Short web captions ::
-------

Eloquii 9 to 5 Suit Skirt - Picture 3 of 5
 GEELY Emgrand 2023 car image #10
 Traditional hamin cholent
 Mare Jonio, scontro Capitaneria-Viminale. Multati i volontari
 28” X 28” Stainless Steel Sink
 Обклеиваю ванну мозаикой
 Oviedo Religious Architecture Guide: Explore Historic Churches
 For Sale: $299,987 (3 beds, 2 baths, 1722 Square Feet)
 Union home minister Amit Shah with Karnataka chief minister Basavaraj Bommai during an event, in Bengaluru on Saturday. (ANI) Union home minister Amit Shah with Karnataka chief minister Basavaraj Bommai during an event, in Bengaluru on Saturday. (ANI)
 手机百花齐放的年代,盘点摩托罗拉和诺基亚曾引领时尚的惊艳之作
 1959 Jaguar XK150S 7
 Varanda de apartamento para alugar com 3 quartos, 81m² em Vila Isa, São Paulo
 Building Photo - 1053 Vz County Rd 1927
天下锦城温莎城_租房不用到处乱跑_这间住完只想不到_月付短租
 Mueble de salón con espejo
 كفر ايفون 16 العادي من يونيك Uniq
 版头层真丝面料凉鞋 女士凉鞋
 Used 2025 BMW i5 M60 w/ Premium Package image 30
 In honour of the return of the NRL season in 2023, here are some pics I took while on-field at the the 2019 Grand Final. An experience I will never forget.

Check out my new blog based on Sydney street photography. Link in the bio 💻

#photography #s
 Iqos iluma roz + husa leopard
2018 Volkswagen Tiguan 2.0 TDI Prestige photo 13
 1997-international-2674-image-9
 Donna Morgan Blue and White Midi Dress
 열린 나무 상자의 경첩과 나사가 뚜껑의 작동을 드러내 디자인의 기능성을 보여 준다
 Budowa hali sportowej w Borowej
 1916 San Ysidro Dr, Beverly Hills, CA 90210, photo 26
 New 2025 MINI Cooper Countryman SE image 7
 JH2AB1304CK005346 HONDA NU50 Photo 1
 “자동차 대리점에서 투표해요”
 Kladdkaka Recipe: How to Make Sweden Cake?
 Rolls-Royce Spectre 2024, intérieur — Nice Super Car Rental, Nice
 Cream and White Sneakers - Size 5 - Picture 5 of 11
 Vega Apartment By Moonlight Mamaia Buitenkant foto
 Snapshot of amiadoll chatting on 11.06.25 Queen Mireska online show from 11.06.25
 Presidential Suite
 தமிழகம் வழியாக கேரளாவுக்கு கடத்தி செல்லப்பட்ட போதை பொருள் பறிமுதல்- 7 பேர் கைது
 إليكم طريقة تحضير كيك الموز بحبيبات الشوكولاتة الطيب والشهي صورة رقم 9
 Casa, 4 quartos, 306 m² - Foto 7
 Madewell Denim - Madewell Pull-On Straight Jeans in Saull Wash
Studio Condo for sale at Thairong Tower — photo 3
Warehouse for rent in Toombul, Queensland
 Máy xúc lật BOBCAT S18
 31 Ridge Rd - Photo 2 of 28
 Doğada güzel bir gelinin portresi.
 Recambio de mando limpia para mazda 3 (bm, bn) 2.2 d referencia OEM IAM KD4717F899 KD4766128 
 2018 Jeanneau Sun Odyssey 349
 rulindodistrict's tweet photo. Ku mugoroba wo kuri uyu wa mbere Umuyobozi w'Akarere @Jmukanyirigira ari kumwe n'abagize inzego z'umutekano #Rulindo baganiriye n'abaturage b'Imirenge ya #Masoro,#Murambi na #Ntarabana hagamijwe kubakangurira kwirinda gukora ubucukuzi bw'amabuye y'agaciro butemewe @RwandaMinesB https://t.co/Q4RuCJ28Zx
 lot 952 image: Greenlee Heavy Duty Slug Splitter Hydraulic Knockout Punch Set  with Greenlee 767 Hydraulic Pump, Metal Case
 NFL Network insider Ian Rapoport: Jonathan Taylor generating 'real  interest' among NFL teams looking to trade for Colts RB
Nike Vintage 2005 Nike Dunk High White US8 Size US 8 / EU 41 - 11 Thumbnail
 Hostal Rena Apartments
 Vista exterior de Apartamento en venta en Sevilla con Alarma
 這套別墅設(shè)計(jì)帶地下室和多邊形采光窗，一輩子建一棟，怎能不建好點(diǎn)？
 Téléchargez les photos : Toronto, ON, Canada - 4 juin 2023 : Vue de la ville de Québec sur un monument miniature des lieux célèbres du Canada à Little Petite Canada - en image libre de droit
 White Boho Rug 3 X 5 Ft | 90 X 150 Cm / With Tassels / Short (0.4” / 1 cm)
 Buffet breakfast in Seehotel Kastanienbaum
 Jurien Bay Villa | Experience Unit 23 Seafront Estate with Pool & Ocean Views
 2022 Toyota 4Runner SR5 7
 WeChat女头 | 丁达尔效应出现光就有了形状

-------

WHAT TO WORK ON :: Copy every record exactly, leaving each line intact.

THE ANSWER ::
Eloquii 9 to 5 Suit Skirt - Picture 3 of 5
 GEELY Emgrand 2023 car image #10
 Traditional hamin cholent
 Mare Jonio, scontro Capitaneria-Viminale. Multati i volontari
 28” X 28” Stainless Steel Sink
 Обклеиваю ванну мозаикой
 Oviedo Religious Architecture Guide: Explore Historic Churches
 For Sale: $299,987 (3 beds, 2 baths, 1722 Square Feet)
 Union home minister Amit Shah with Karnataka chief minister Basavaraj Bommai during an event, in Bengaluru on Saturday. (ANI) Union home minister Amit Shah with Karnataka chief minister Basavaraj Bommai during an event, in Bengaluru on Saturday. (ANI)
 手机百花齐放的年代,盘点摩托罗拉和诺基亚曾引领时尚的惊艳之作
 1959 Jaguar XK150S 7
 Varanda de apartamento para alugar com 3 quartos, 81m² em Vila Isa, São Paulo
 Building Photo - 1053 Vz County Rd 1927
天下锦城温莎城_租房不用到处乱跑_这间住完只想不到_月付短租
 Mueble de salón con espejo
 كفر ايفون 16 العادي من يونيك Uniq
 版头层真丝面料凉鞋 女士凉鞋
 Used 2025 BMW i5 M60 w/ Premium Package image 30
 In honour of the return of the NRL season in 2023, here are some pics I took while on-field at the the 2019 Grand Final. An experience I will never forget.

Check out my new blog based on Sydney street photography. Link in the bio 💻

#photography #s
 Iqos iluma roz + husa leopard
2018 Volkswagen Tiguan 2.0 TDI Prestige photo 13
 1997-international-2674-image-9
 Donna Morgan Blue and White Midi Dress
 열린 나무 상자의 경첩과 나사가 뚜껑의 작동을 드러내 디자인의 기능성을 보여 준다
 Budowa hali sportowej w Borowej
 1916 San Ysidro Dr, Beverly Hills, CA 90210, photo 26
 New 2025 MINI Cooper Countryman SE image 7
 JH2AB1304CK005346 HONDA NU50 Photo 1
 “자동차 대리점에서 투표해요”
 Kladdkaka Recipe: How to Make Sweden Cake?
 Rolls-Royce Spectre 2024, intérieur — Nice Super Car Rental, Nice
 Cream and White Sneakers - Size 5 - Picture 5 of 11
 Vega Apartment By Moonlight Mamaia Buitenkant foto
 Snapshot of amiadoll chatting on 11.06.25 Queen Mireska online show from 11.06.25
 Presidential Suite
 தமிழகம் வழியாக கேரளாவுக்கு கடத்தி செல்லப்பட்ட போதை பொருள் பறிமுதல்- 7 பேர் கைது
 إليكم طريقة تحضير كيك الموز بحبيبات الشوكولاتة الطيب والشهي صورة رقم 9
 Casa, 4 quartos, 306 m² - Foto 7
 Madewell Denim - Madewell Pull-On Straight Jeans in Saull Wash
Studio Condo for sale at Thairong Tower — photo 3
Warehouse for rent in Toombul, Queensland
 Máy xúc lật BOBCAT S18
 31 Ridge Rd - Photo 2 of 28
 Doğada güzel bir gelinin portresi.
 Recambio de mando limpia para mazda 3 (bm, bn) 2.2 d referencia OEM IAM KD4717F899 KD4766128 
 2018 Jeanneau Sun Odyssey 349
 rulindodistrict's tweet photo. Ku mugoroba wo kuri uyu wa mbere Umuyobozi w'Akarere @Jmukanyirigira ari kumwe n'abagize inzego z'umutekano #Rulindo baganiriye n'abaturage b'Imirenge ya #Masoro,#Murambi na #Ntarabana hagamijwe kubakangurira kwirinda gukora ubucukuzi bw'amabuye y'agaciro butemewe @RwandaMinesB https://t.co/Q4RuCJ28Zx
 lot 952 image: Greenlee Heavy Duty Slug Splitter Hydraulic Knockout Punch Set  with Greenlee 767 Hydraulic Pump, Metal Case
 NFL Network insider Ian Rapoport: Jonathan Taylor generating 'real  interest' among NFL teams looking to trade for Colts RB
Nike Vintage 2005 Nike Dunk High White US8 Size US 8 / EU 41 - 11 Thumbnail
 Hostal Rena Apartments
 Vista exterior de Apartamento en venta en Sevilla con Alarma
 這套別墅設(shè)計(jì)帶地下室和多邊形采光窗，一輩子建一棟，怎能不建好點(diǎn)？
 Téléchargez les photos : Toronto, ON, Canada - 4 juin 2023 : Vue de la ville de Québec sur un monument miniature des lieux célèbres du Canada à Little Petite Canada - en image libre de droit
 White Boho Rug 3 X 5 Ft | 90 X 150 Cm / With Tassels / Short (0.4” / 1 cm)
 Buffet breakfast in Seehotel Kastanienbaum
 Jurien Bay Villa | Experience Unit 23 Seafront Estate with Pool & Ocean Views
 2022 Toyota 4Runner SR5 7
 WeChat女头 | 丁达尔效应出现光就有了形状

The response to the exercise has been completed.